The CrowdStrike Insider Incident: Key Facts

What Happened

CrowdStrike identified and terminated what the company describes as a "suspicious insider" following an internal investigation that determined the employee had shared pictures of computer screens with external parties. The screenshots were subsequently leaked on Telegram by members of the Scattered Lapsus$ Hunters threat collective, which operates as an alliance of three infamous cybercrime groups: ShinyHunters, Scattered Spider, and Lapsus$.

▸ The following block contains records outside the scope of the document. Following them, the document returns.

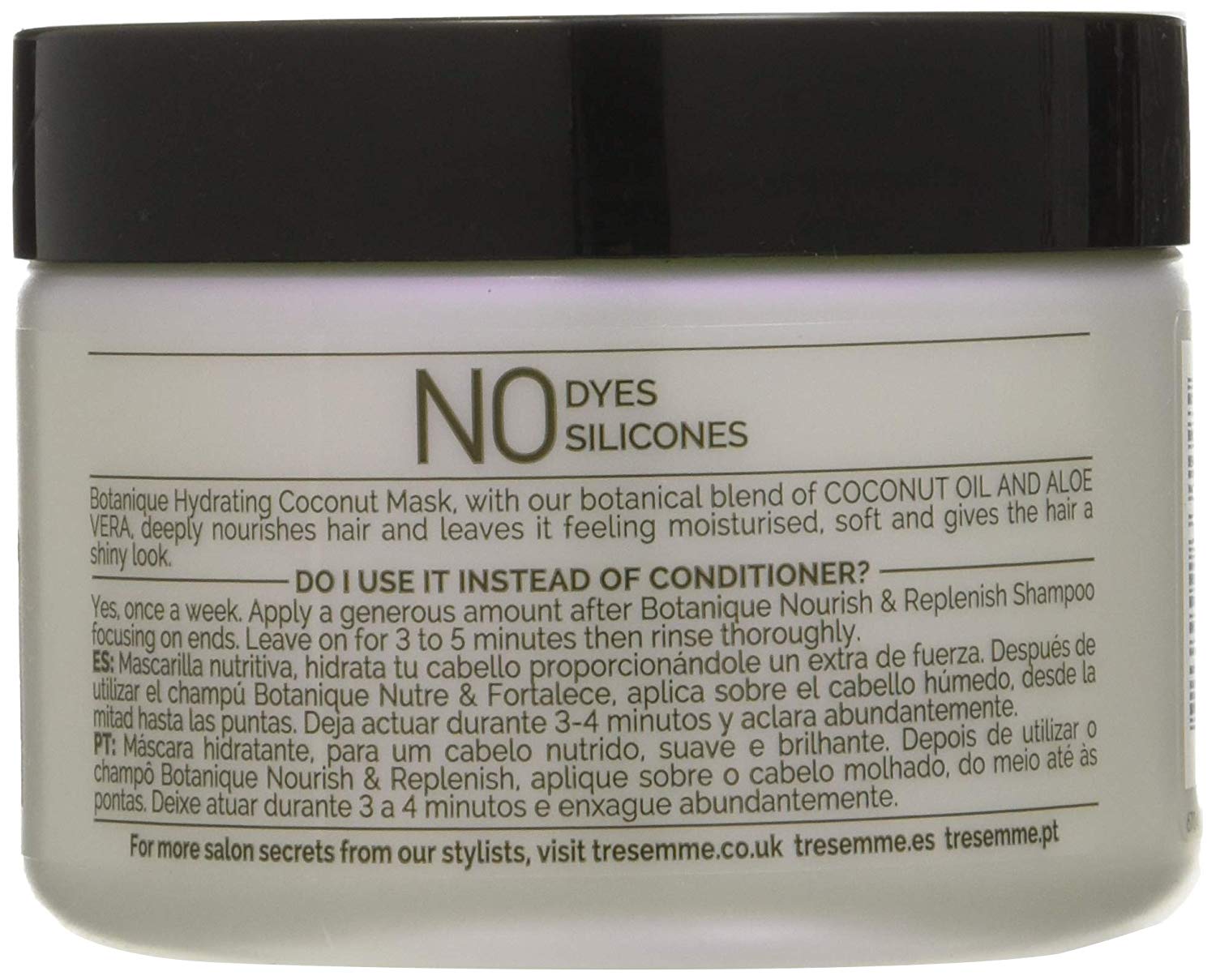 TRESemmé Botanical Hydrating Coconut Mask (Pack of 3), Black, 1 count (Pack of 3) - Image 3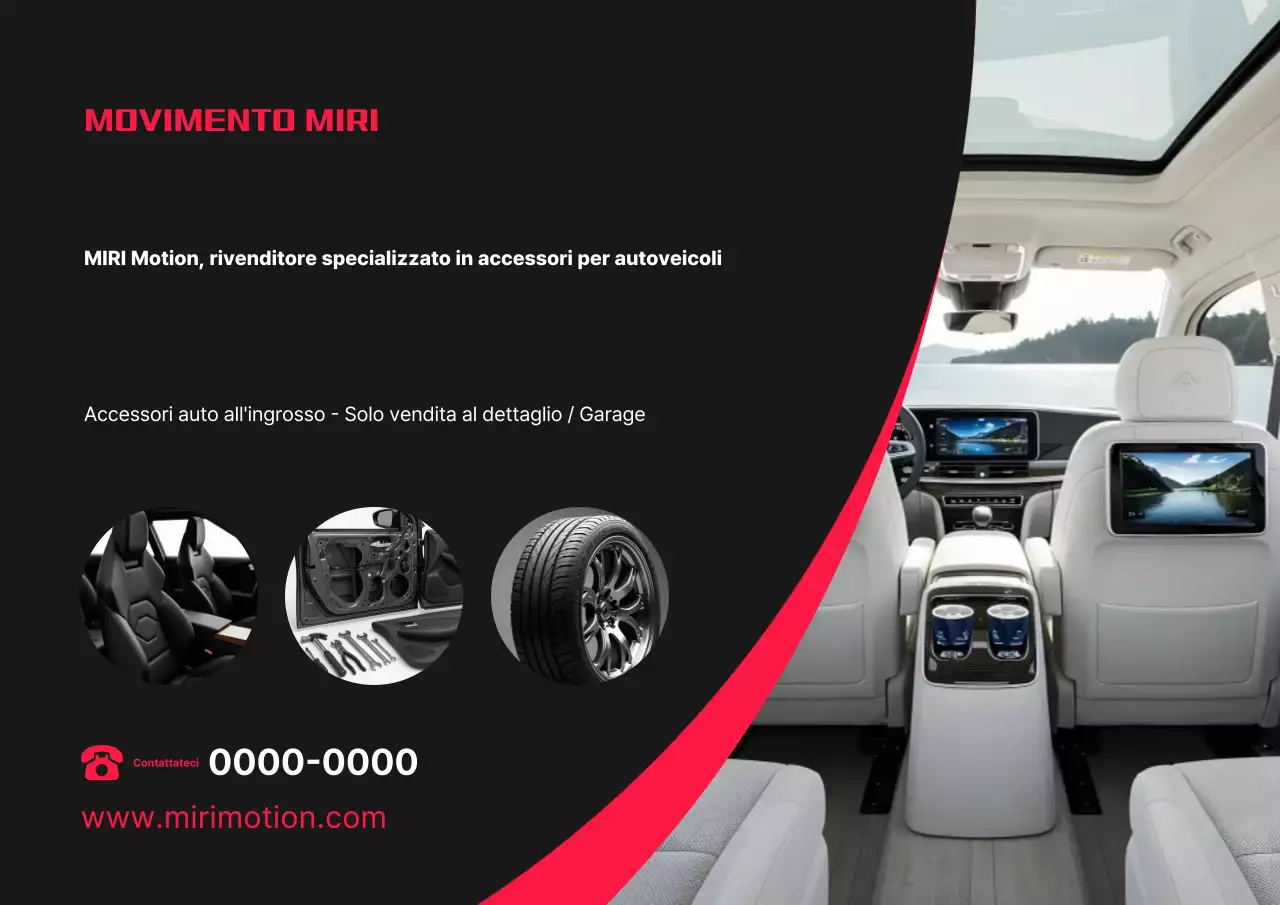 pubblicità di auto moderna nera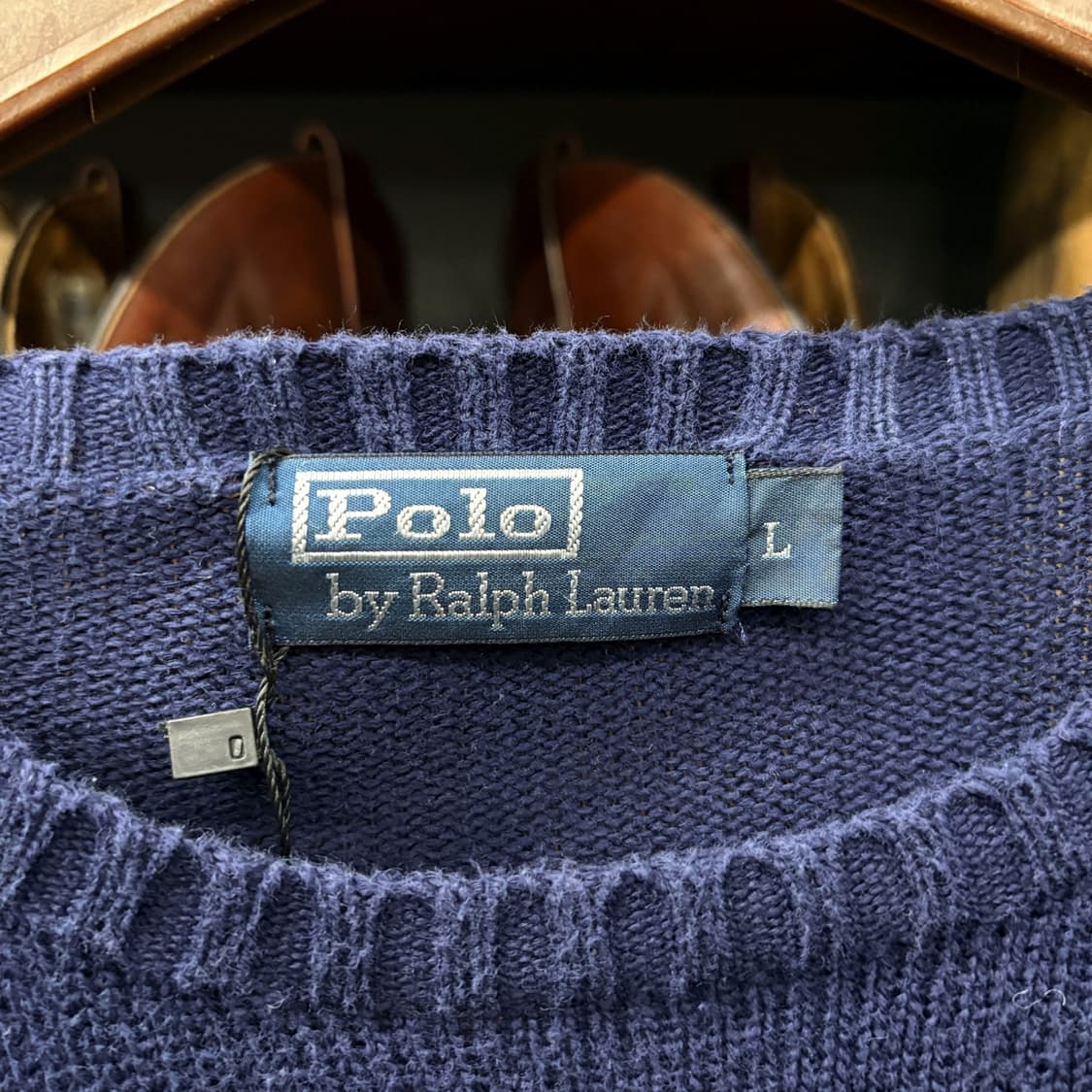 00s 폴로 랄프로렌 플레인 코튼 크루넥 니트 스웨터 레드포니 N724 상품이미지6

"We identified and terminated a suspicious insider last month following an internal investigation that determined he shared pictures of his computer screen externally," a CrowdStrike spokesperson stated. "Our systems were never compromised and customers remained protected throughout. We have turned the case over to relevant law enforcement agencies."

The Alleged Transaction

According to ShinyHunters representatives who spoke with security researchers, the threat actors allegedly agreed to pay the insider $25,000 to provide them with access to CrowdStrike's network. The group claims they ultimately received SSO (Single Sign-On) authentication cookies from the insider, but by that time, CrowdStrike had already detected the suspicious activity and shut down the employee's network access.

The screenshots posted on Telegram reportedly showed internal dashboards containing links to company resources, including an Okta dashboard used by employees for accessing internal applications.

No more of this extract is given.